Core orders, a highly volatile data series seen as a barometer of capital spending in the next six to nine months, fell 5.8% month-on-month in August, Cabinet Office data showed.

This was the biggest month-on-month drop since a 9.8% drop in February, below the median forecast of a 2.3% drop by economists in a Reuters poll.

“Although ‘core’ machinery orders fell sharply in August as non-manufacturing orders slumped, the third-quarter average still points to expanding non-residential investment growth,” Capital Economics Japan Scientist Darren Tay said.

“The key is that average machinery orders in Q3 are 1% stronger so far than Q2”.

By industry, non-manufacturer orders fell 21.4%, pulling down the overall figure. This was largely due to the transport and postal sub-sector reversing last month’s gains, the data showed.
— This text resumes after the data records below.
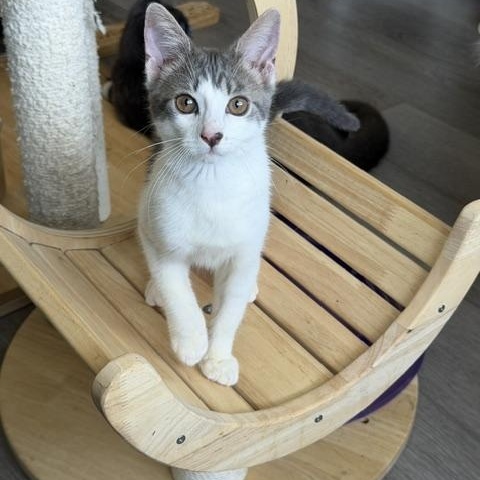 Winston, ADOPTABLE, Kitten Male Domestic Short Hair.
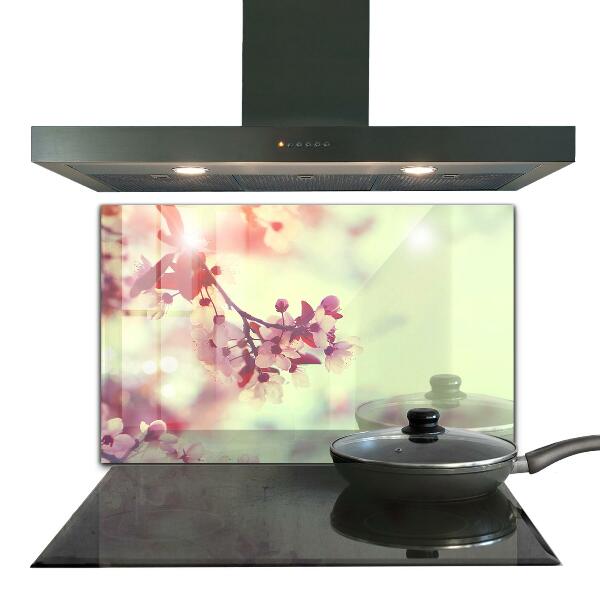 Spatscherm keuken glas Bloeiende roze boom
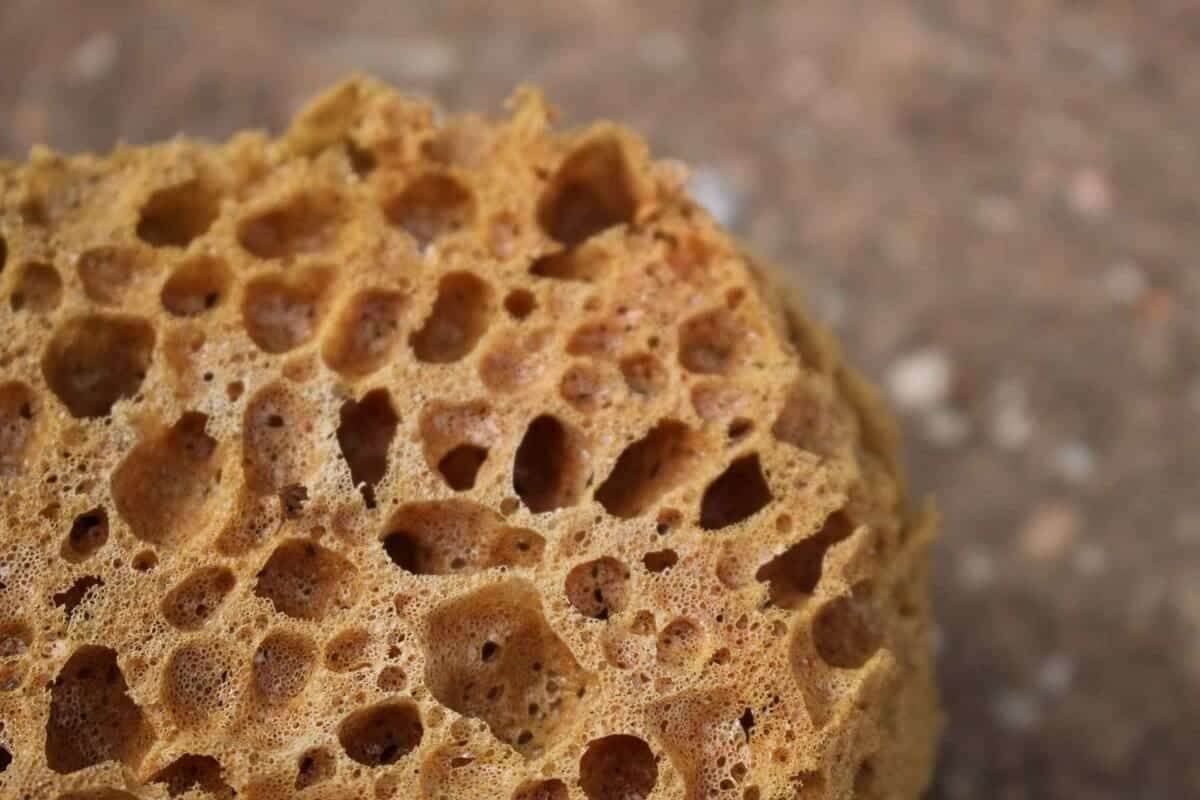 Freshwater sponge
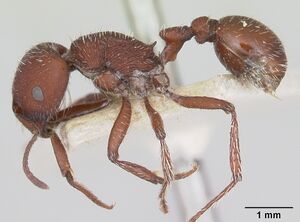 Pogonomyrmex vermiculatus casent0173349 profile 1.jpg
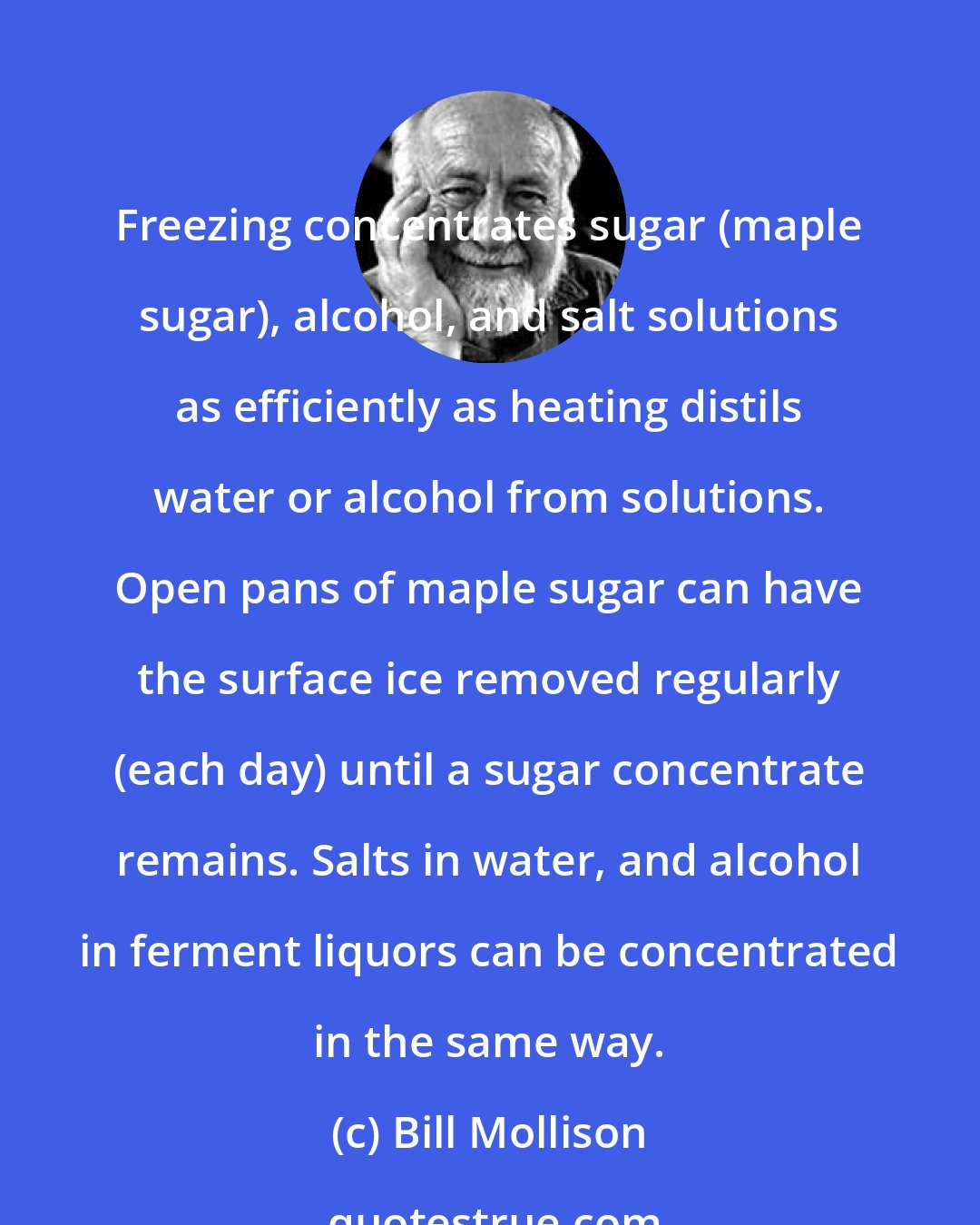 Bill Mollison: Freezing concentrates sugar (maple sugar), alcohol, and salt solutions as efficiently as heating distils water or alcohol from solutions. Open pans of maple sugar can have the surface ice removed regularly (each day) until a sugar concentrate remains. Salts in water, and alcohol in ferment liquors can be concentrated in the same way.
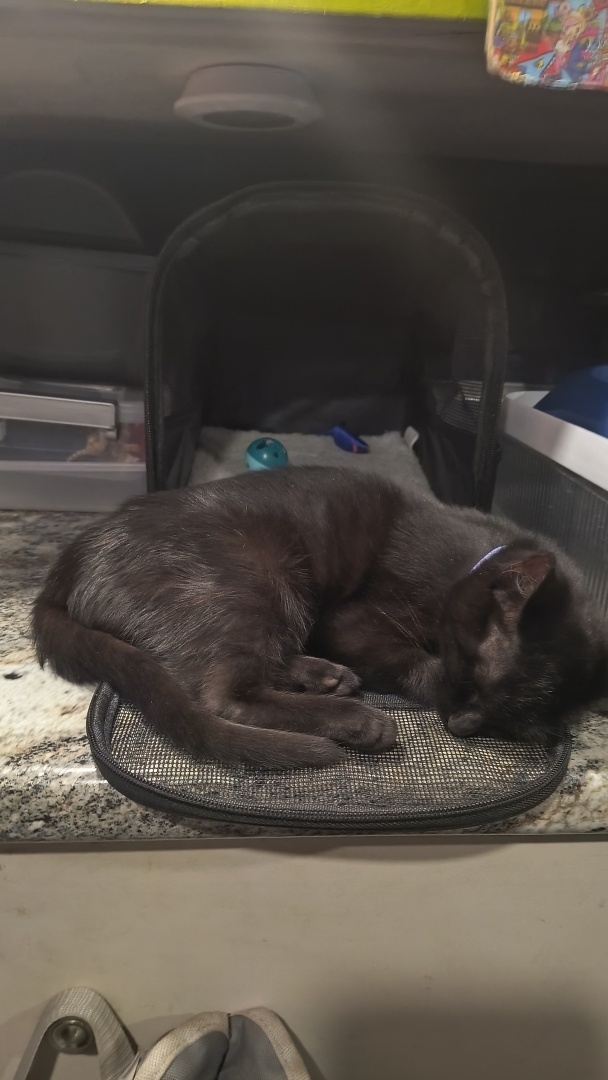 Pumpkin the Cat taking a nap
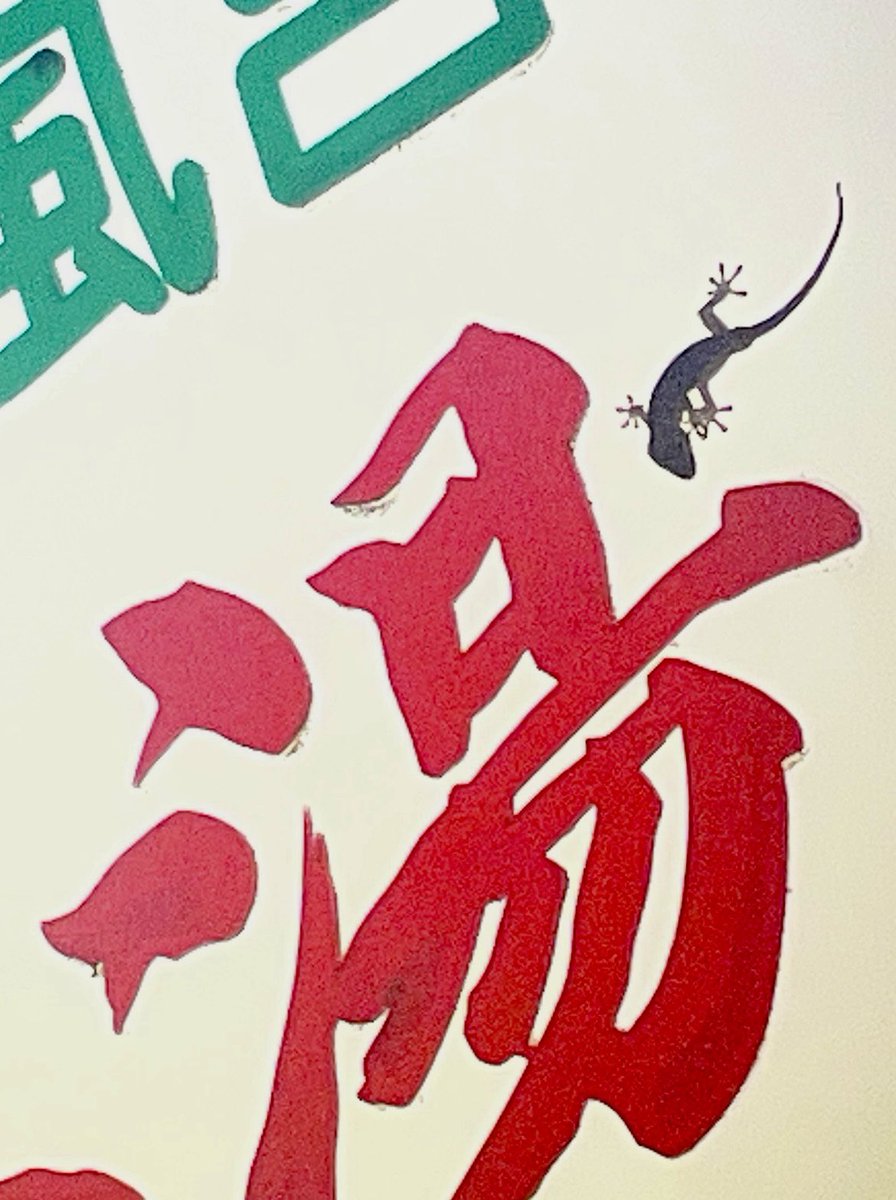Kow9Kf's tweet photo. ただいま🏠♨️

#福美湯 https://t.co/ZUbOkWjvJo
Increased orders from manufacturers 10. 2%, boosted by large orders for nuclear motors in the non-ferrous metals sub-sector.

Survey points to slowing global growth. Overseas orders fell 18.9%, the largest drop since March 2021, the fourth consecutive month of decline, highlighting growing concerns about the external environment.

“Capital goods manufacturers have so far benefited from overseas demand, but the momentum is waning due to the impact of the overseas economic slowdown,” said Takeshi Minami, chief economist at Agriculture, Forestry, and China Gold Research Institute. .

“If the overseas slowdown becomes a real problem, companies may cancel their capital expenditure plans,” he said, highlighting risks to the outlook despite the fact that the first six months of the current fiscal year The firm’s Spending

data found that core orders, which exclude volatility data from shipping and power utilities, rose 9.7% in August compared to a year earlier.

In a Reuters Tankan survey, business confidence was hurt as global monetary tightening and the yen’s recent fall to a 24 year low against the dollar.

The world’s third-largest economy has managed to expand at a relatively strong pace so far this year, as the government lifts local COVID-19-19 Private spending picked up after curbs, growing at an annualized rate of 3.5% in the second quarter.

But it faces the risk of a slowdown in Asia and the United States, clouding prospects for a strong recovery and making domestic businesses and consumers more cautious.